Assignment submission

Please read instructions here.

Goal

The goal of this assignment is to introduce neural networks in terms of ideas you are already familiar with:  linear regression and linear-threshold classification.

Part 1

Consider the following table that describes a relationship between two input variables (x1,x2) and an output variable (y).

x1
x2
y
.1227
.2990
+0.1825
.3914
.6392
+0.8882
.7725
.0826
-1.9521
.8342
.0823
-1.9328
.5084
.8025
+1.2246
.9983
.7404
-0.0631

This is part of a larger data set that I created which you can download either in matlab or text format. Using your favorite language, find the least squares solution to y = w1 * x1 + w2 * x2 + b.

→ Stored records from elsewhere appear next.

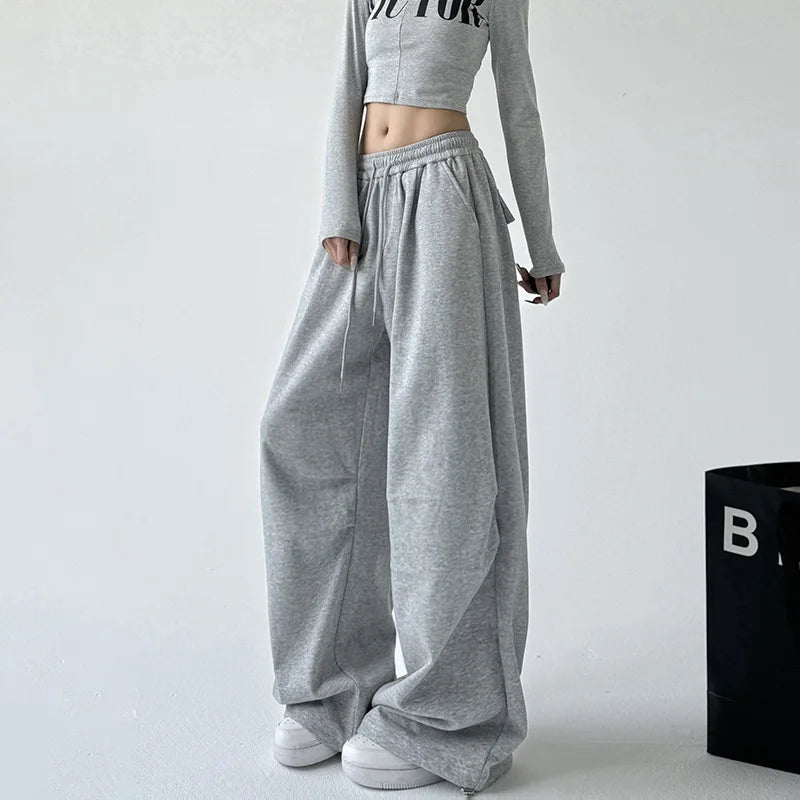 Gray Sweatpants for Women Spring and Autumn 2026 New High-waisted Straight Loose Casual Sweatpants Workwear Wide-leg Pants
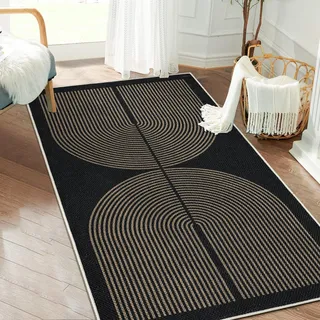 Capslpad Teppich Läufer Flur 80x150cm Jute Aussehen KüchenTeppich Natürlich Waschbar Teppich Schwarz Braun rutschfest Küchenläufer Korridor läufer Flur Küche,Schlafzimmer, Balkon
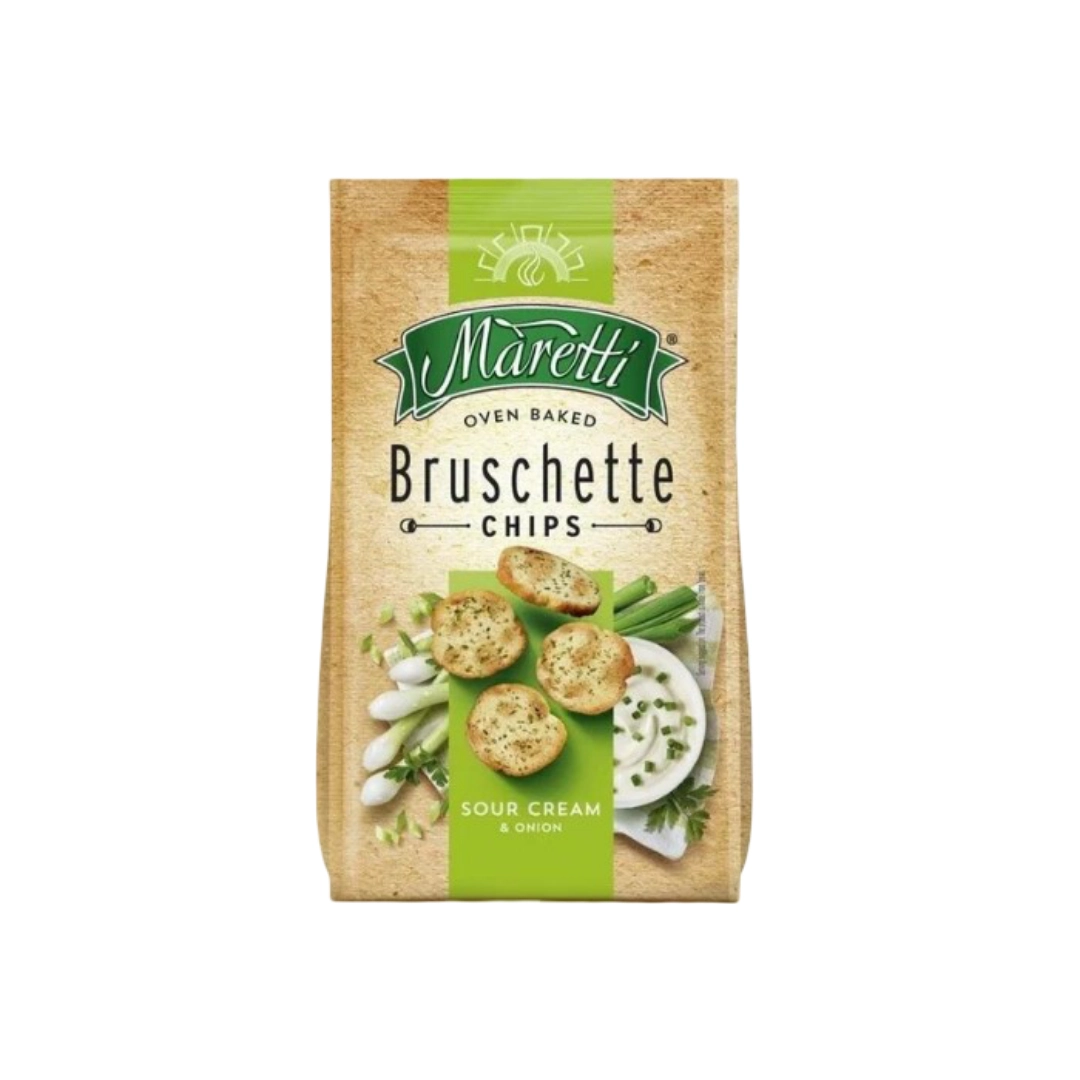 Печеные Maretti хлебные брускетти со вкусом Сметаны и лука 70 г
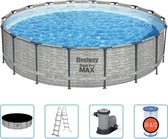 Bestway - Steel Pro MAX - Opzetzwembad inclusief filterpomp - 549x122 cm - Steenprint - Rond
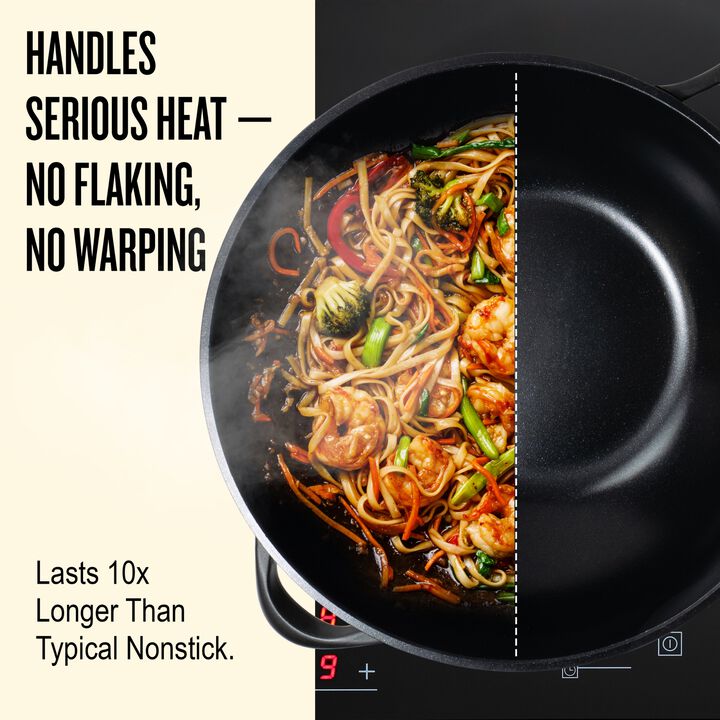 Alva Energy Ceramic Nonstick Wok Pan 8" Scratch Resistant Healthy Cooking Pan for Stir-Frying, Stay Cool Handle, Non Toxic, Easy to Clean, Compatible with All Stovetops, Induction Safe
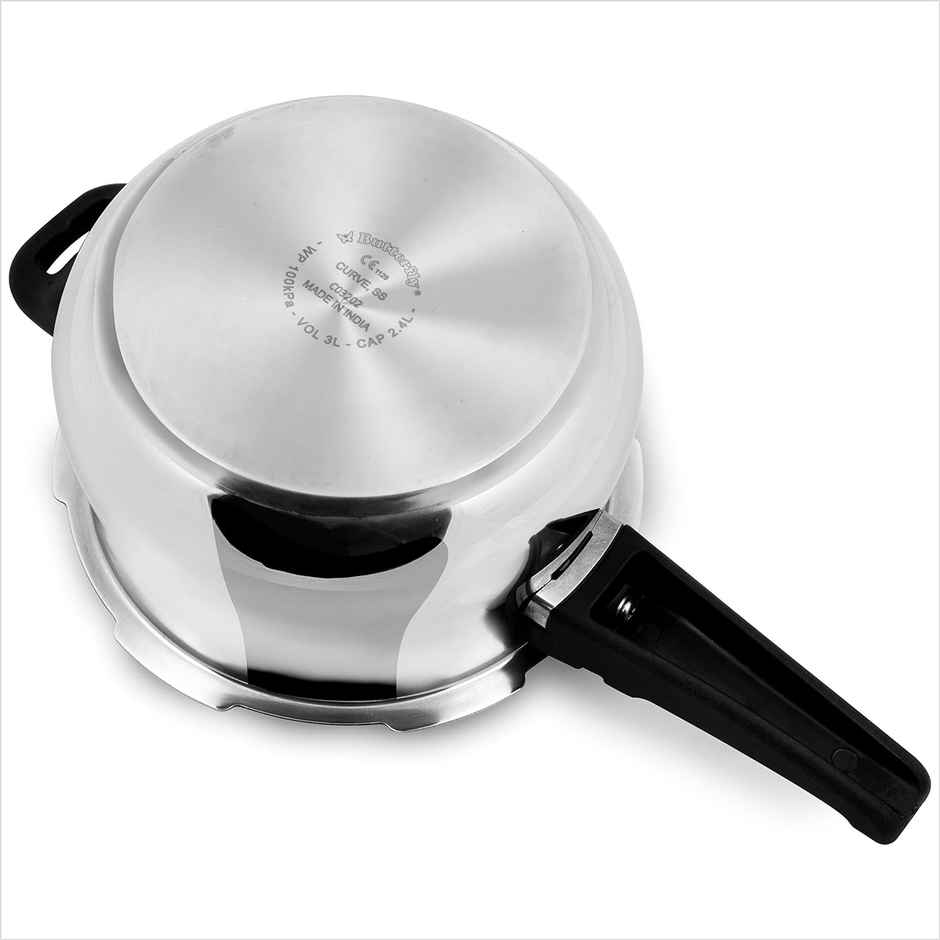 Butterfly Curve Stainless Steel Outer Lid Pressure Cooker, 3 Litre, Silver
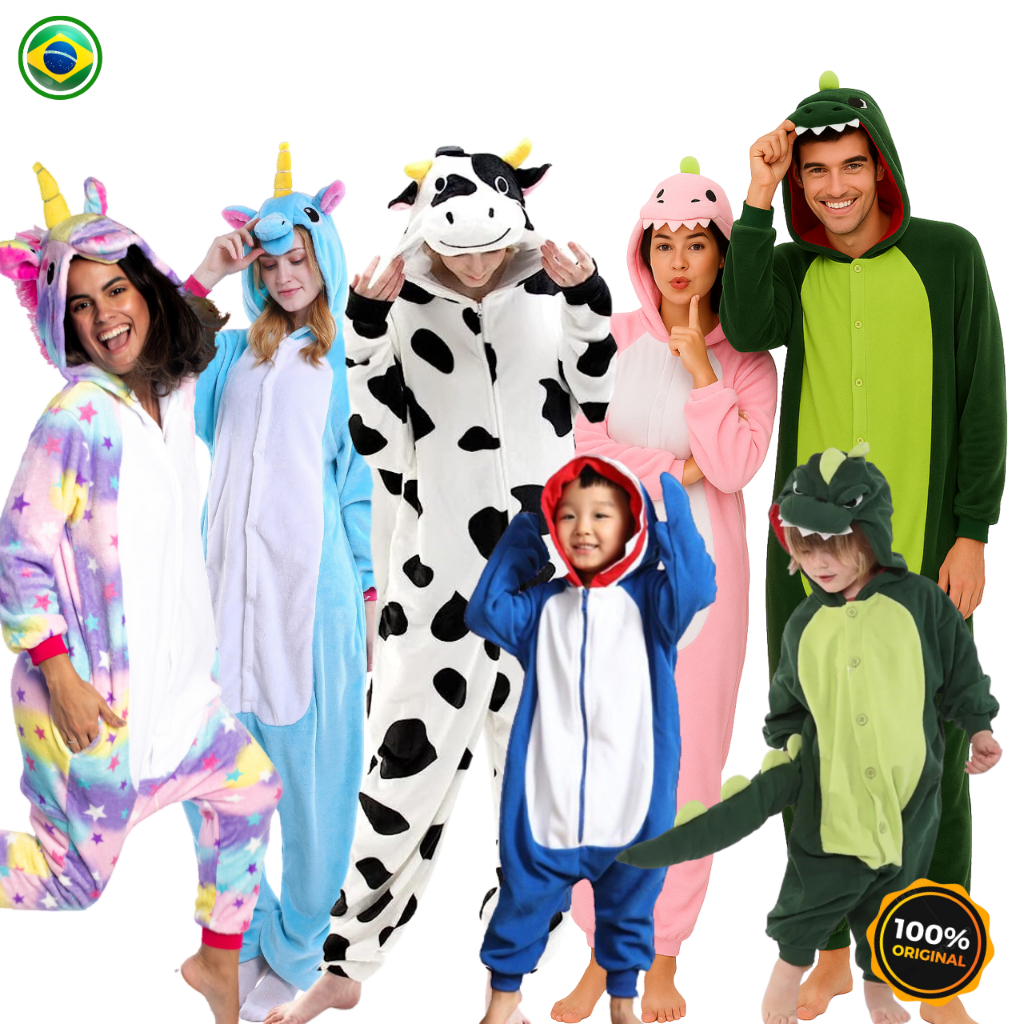 Macacão Pijama Kigurumi Cosplay Unicórnio Vários Personagens Unissex Dinossauro Tubarão Vaquinha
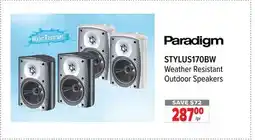 2001 Audio Video Paradigm STYLUS170BW Weather Resistant Outdoor Speakers offer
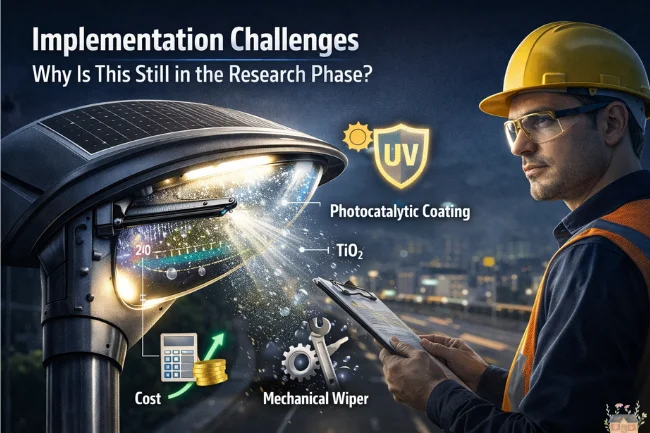 self cleaning street lamp research dust resistant lamp project exist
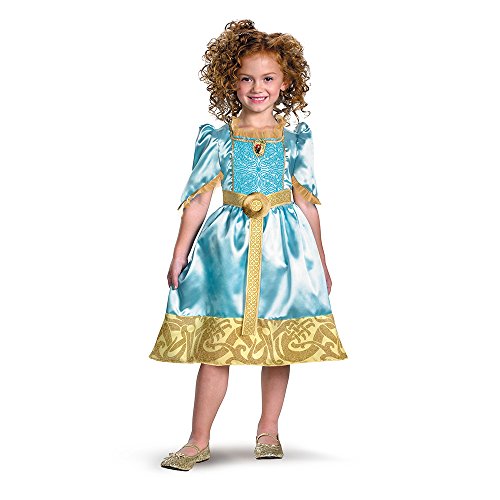 Brave Merida Classic Costume, Auqa/Gold, Medium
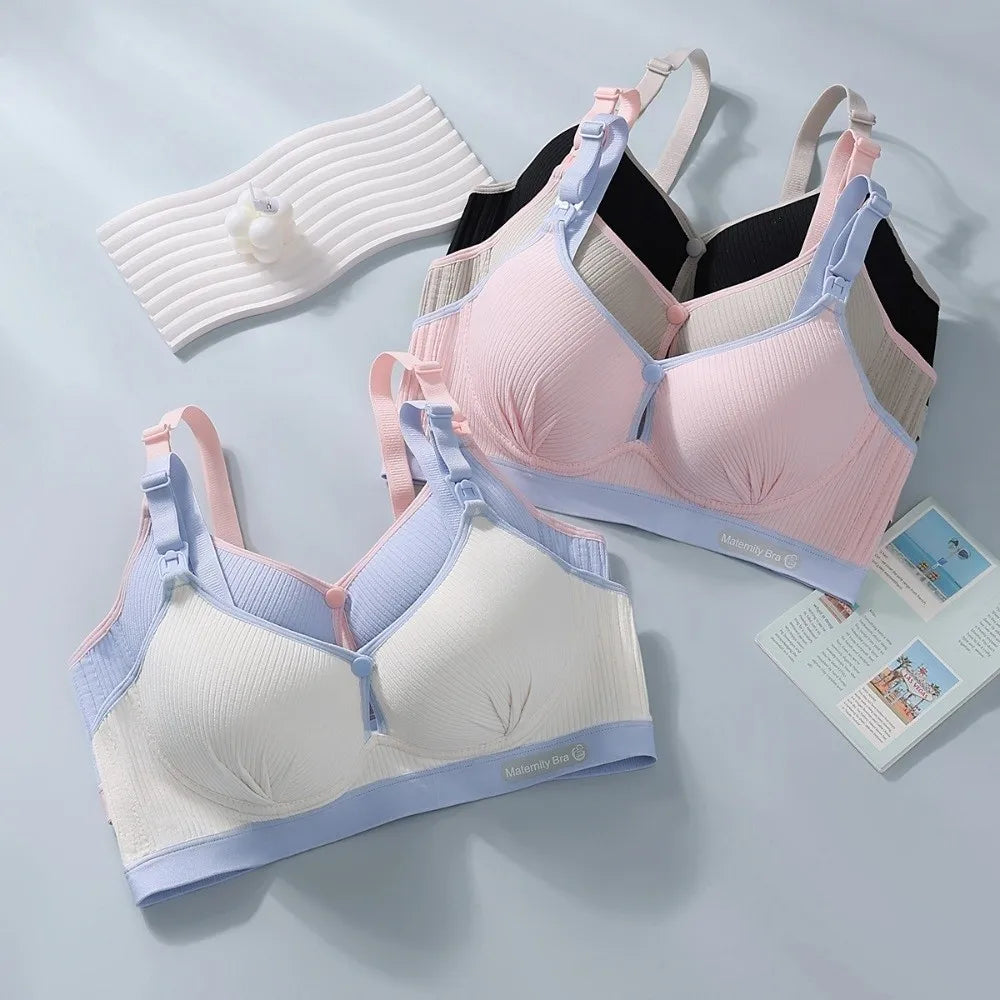 Double Buckle Nursing Bra Anti-sagging Breathable Pregnancy Bralette Pure Cotton Comfortable Nursing Bralette for Breastfeeding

(1a) Report the values of w1, w2, and b.
(1b) What function or method did you use to find the least-squares solution?

Part 2

Using the LMS algorithm, write a program that determines the coefficients {w1,w2,b} via incremental updating, steepest descent, and multiple passes through the training data. You will need to experiment with updating rules (online, batch, minibatch), step sizes (i.e., learning rates), stopping criteria, etc. Experiment to find settings that lead to solutions with the fewest number of sweeps through the data.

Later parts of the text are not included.